Choosing D here. The application was already in place (had a little oversight) and Dynamic analysis is the way to go against systems that are already operating.

Static for Source-Code. Seems like the best answer. Get to it before it is compiled.

Due to the software is already in place and had a little oversight, the best place where to start is a Software composition analysis.

Agree with A. In a startup environment with little prior oversight, there is a high likelihood of the use of third-party libraries and open-source software. Software composition analysis (SCA) is the best initial step to identify vulnerabilities, outdated dependencies, and licensing issues in third-party components. This method is particularly critical in such environments to quickly gain visibility into the security posture of existing software and mitigate risks.

Static analysis involves examining the code without executing it. This type of analysis can identify vulnerabilities, coding errors, and security flaws early in the development process.

Keyword is startup. A good place to start is SAST which is easily enabled on GitLab.

Here's why SCA is the most suitable choice for this scenario: Limited Existing Security: In an environment with minimal security practices, there's a high chance that third-party libraries and components might have unknown vulnerabilities. SCA can identify these potential risks without requiring deep code review of the entire codebase. Focus on Open Source: Startups often leverage open-source libraries to accelerate development. SCA is particularly valuable for identifying vulnerabilities within these open-source components.

Choosing D here because a SCA in this contect (an environment that previously had little oversight) could be almost useless. a Static Analysis could spit out tens of thousands of findings that need to be parsed through an evaluated (I've used Fortify SCA tool, it reports a LOT of findings, many false). If the environment had little oversight, you could be looking at bad libraries, poor code, unsecure methods and objects--just a MESS, and you can't do anything about it immediately. With a DAST solution however, you'll get a list of actual vulnerabilities related to the software while it's running, and there will be no false negatives. This is a horribly worded question, though.

Ideally, both SAST and DAST should be utilized. But if the question is only asking for one answer, it should be static analysis. Static analysis is commonly used to catch vulnerabilities early on and provides more oversight along the development cycle.

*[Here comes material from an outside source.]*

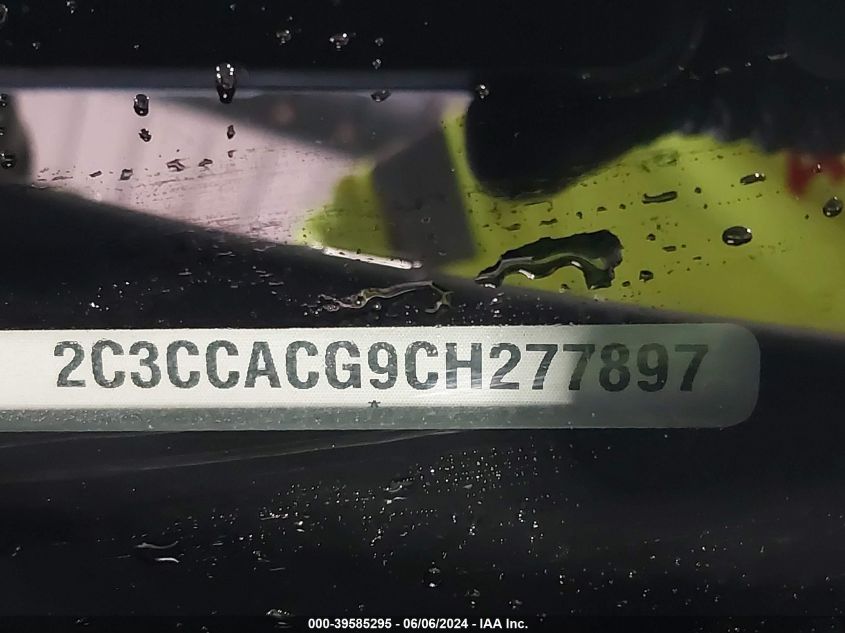 2012 Chrysler 300 Limited VIN: 2C3CCACG9CH277897 Lot: 39585295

If you utilize Dynamic analysis, you would have to write the source code, compile it, and run the program for the testing to occur. This provides more oversight only towards the later cycles of the development cycle

"in an environment that previously had little oversight" you are going to want to do a thorough analysis on the environment through the use of static analysis. Dynamic may miss important stuff that could not be caught

C is the answer because you are coming into an environment with previous little oversight and static analysis is used to establish a new baseline that CAN be trusted, THEN dynamic analysis will be used. It's a poorly made question but static is the most correct answer in this context.

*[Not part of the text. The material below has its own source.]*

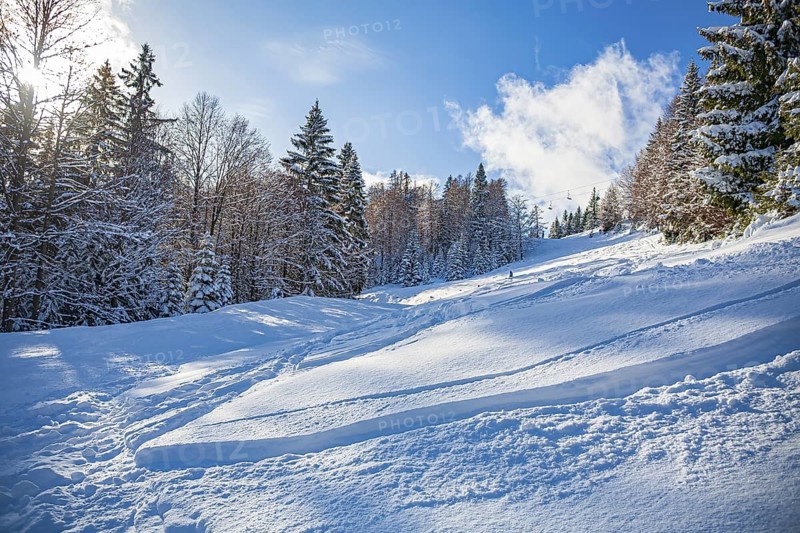 The Goetschen piste in Berchtesgadener Land, Bavaria, Germany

Going with C. With an environment that had very little oversight, I'd prefer static at least before dynamic analysis if neither were present, assuming dynamic would follow suite. Source code being more important.

Static Analysis provides the most value and should be the first thing out of these options. Source: Verifying each answer against Chat GPT, my experience, other test banks, a written book, and weighing in the discussion from all users to create a 100% accurate guide for myself before I take the exam. (It isn't easy because of the time needed, but it is doing my diligence)

I checked this question with 3 different AIs. As a startup company previously had little oversight, implementing static analysis can help identify and remediate security issues before they become a part of the final product.

Static analysis will be more thorough and uncover more issues. Dynamic would be good as well but static will provide more value.

I am choosing D. due to the fact that the software is already developed and running.

Static analysis is the best method to utilize in this situation, as it involves analyzing the source code of the application without actually executing it.